Quanto vale la responsabilità sociale nel largo consumo
La categoria della responsabilità sociale contribuisce oggi per l’11,2% al giro d’affari totale del largo consumo rilevato. Il marchio FSC si è rivelato il più importante claim con una quota di assortimento pari al 4,7% e il 7,5% del contributo sul fatturato complessivo del relativo paniere. In particolare, rileva lo studio dell’Osservatorio, nell’ultimo anno i prodotti con certificazione del Forest Stewardship Council hanno registrato un ampliamento dell’offerta (+9,3%). Con una crescita delle vendite a valore di oltre quattro punti percentuali. Trend delle vendite positivo a doppia cifra anche per PEFC (+10,5%) e Rain-forest Alliance (+13,8%).
Il rispetto degli animali
Da “Friend of the Sea” a “cruelty free”, passando per “no cruelty” e “benessere animale”. Fino alle due certificazioni relative esclusivamente al comparto ittico MSC (Marine Stewardship Council) e ASC (Aquaculture Stewardship Council). Complessivamente queste sei indicazioni sono state individuate sulle etichette di 2.884 prodotti (2,3% del paniere totale). Per un valore delle vendite superiore a 1,5 miliardi di euro, in crescita del +5,7%.

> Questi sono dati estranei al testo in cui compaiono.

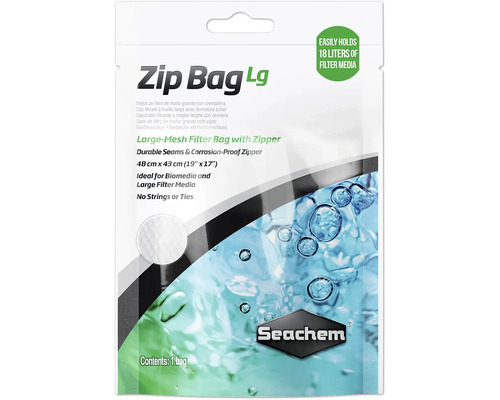 Seachem Zip Bag filter media bag, mesh bag L approx. 48 x 43 cm, for approx. 18 L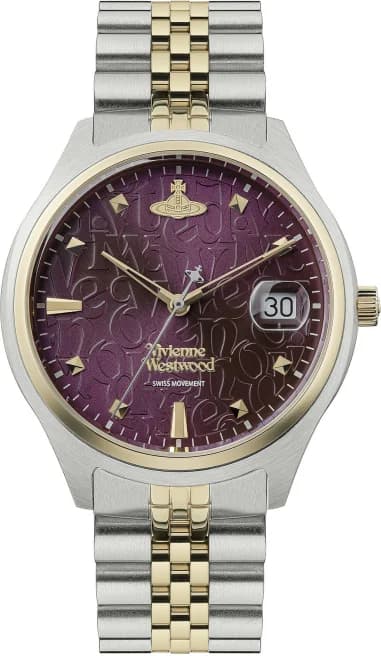Women's Vivienne Westwood Camberwell VV261BYSG watch, two-tone steel bracelet, purple dial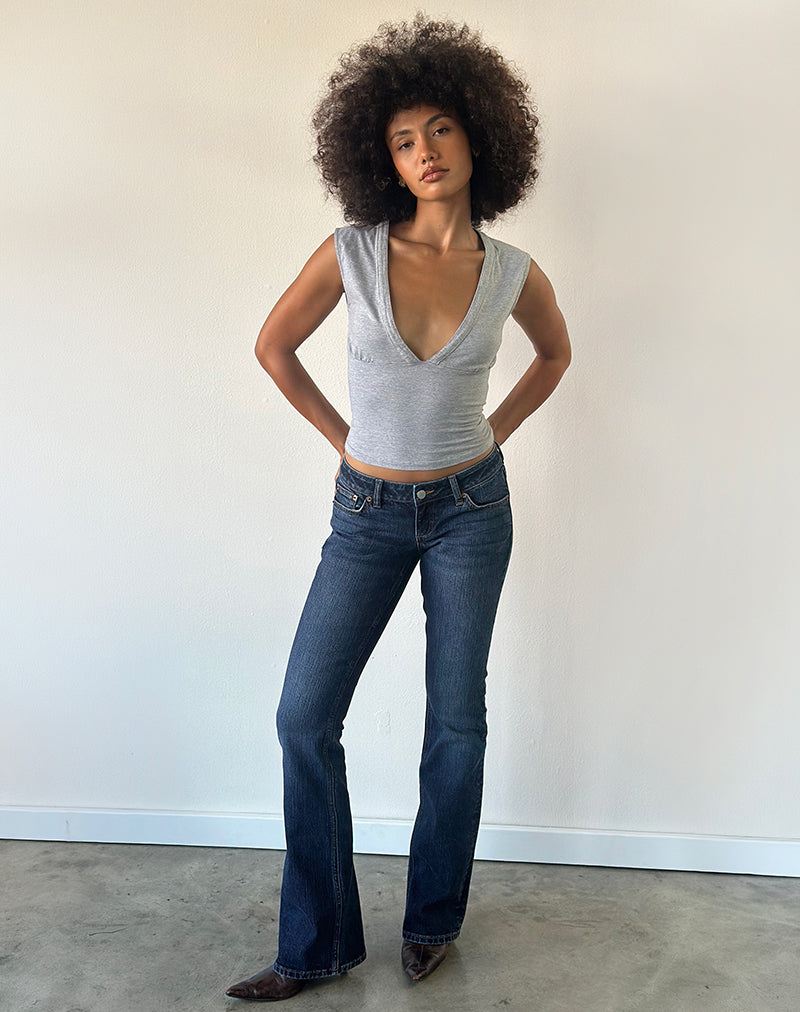 Emberly Plunge Top in Grey Marl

Guardando all’andamento di claim emerge la crescita importante dei prodotti “no cruelty” (+14,0% il trend a valore nei 12 mesi), certificati MSC (+15,0%) e ASC (+15,4%).
Anche il packaging fa la sua parte
Continuano ad aumentare le etichette sostenibili che riportano almeno un riferimento alla riciclabilità del packaging, arrivando a coprire quasi un terzo delle 125.431 referenze rilevate.
Il fatto che sette prodotti rilevati su dieci non presentino un’indicazione che possa aiutare i consumatori a riciclare le confezioni non significa che non siano effettivamente riciclabili. Si pensi ad esempio alle bottiglie di vetro. Su queste spesso non compare alcuna indicazione, anche se questo materiale è riciclabile al 100%.
Soffermandosi sul 32,3% di referenze che fornisce indicazioni esplicite, emerge che in oltre 80 casi su 100 in presenza di indicazioni, il packaging è effettivamente totalmente o largamente riciclabile (a differenza di ciò che accadeva in passato). Rispetto ai 12 mesi precedenti, è diminuita la quota di quelli non riciclabili (scesa dal 5,7% al 4,9%). A prova che, quando viene comunicato sulla confezione, l’impegno delle aziende del largo consumo per la raccolta differenziata è ormai effettivo e concreto.
Tra le categorie, la numero uno per quota di prodotti con indicazione di riciclabilità è la pasta. Seguono la gastronomia vegetale sostitutiva. E poi i cibi per l’infanzia, il riso, i prodotti da forno e cereali, pane e suoi sostitutivi.